Radar | Mar 27,2021
Next week, it will have been two months since my partner and I have self-isolated and closed our business waiting for the Novel Coronavirus (COVID-19) storm to pass. My family and friends are all on the same page on the precautions we need to take, and that has primarily been social distancing. It has been boring and demotivating but is necessary.
Not everyone is following the rules though, especially since it initially seemed that the pandemic had been successfully averted.
A friend of mine ventured to a supermarket recently on one of the rare occasions she now leaves home. When she passed by a big restaurant in Bole she once frequented, she found out that there were no vacant seats available. Business was as usual.
For about two weeks, we became neglectful. Seeing the lower number of confirmed cases, prior to the much higher numbers that started to be reported in the middle of last week, we had started to assume that we were invincible.
Social media has not been helpful in this. We are only friends with people that reflect our values, prejudices and understanding of a range of subject matters. Thus, we begin to believe that the world is shaped to our perspective. The truth, however, is usually far from that; and in this case, it has made us careless toward the collective precautions we need to take to contain the spread of the virus.

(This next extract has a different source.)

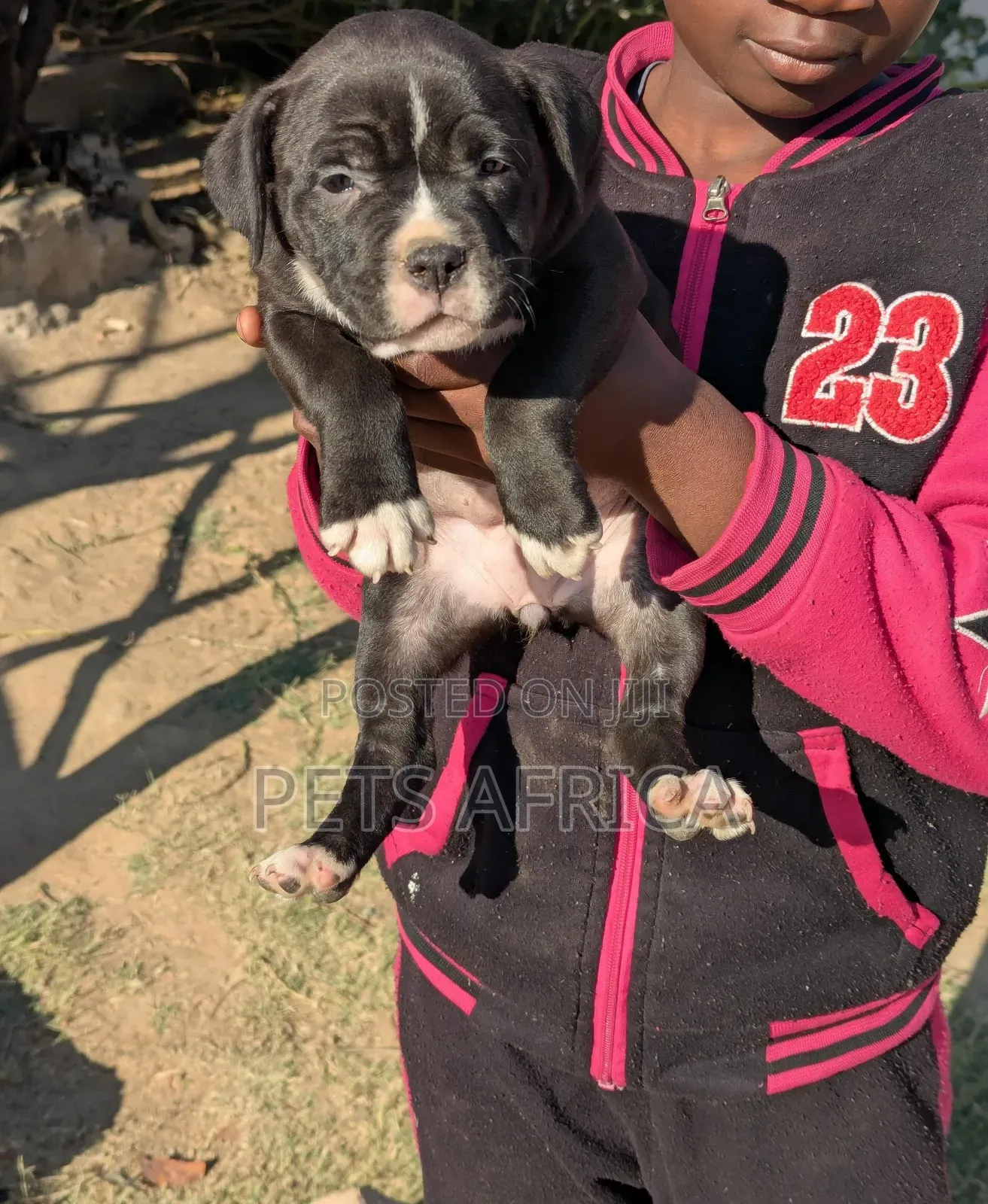 1-3 months Female Purebred Staffordshire Bull Terrier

Such carelessness is all the more unfortunate when it comes from people that have the privilege to stay home. This is a privilege not everyone can afford. Abusing it by going out to eat at restaurants when it is perfectly possible to do this at home is almost criminal.
A possible silver lining of this pandemic is that the rich might realise the importance of having a strong health sector. For years, many have preferred to be whisked away overseas at the first sign of illness. This is no longer possible when almost the whole world is under lockdown.
Still, the least the rich can do is stay home. It is a privilege most do not have. Going out to work for the majority of our population is a matter of survival. Videos have surfaced of congested buses and taxis with many more passengers than are allowed. These new regulations are there to protect the people’s health, but some continue to put themselves and their loved ones at risk. This is because many do not have a choice.
In fact, going out to work is something most envy at a time when the economy is facing a severe downturn.
The news is filled with stories of businesses, especially those rooted in services that are either cutting salaries of employees or temporarily closing doors and facing the possibility of declaring bankruptcy.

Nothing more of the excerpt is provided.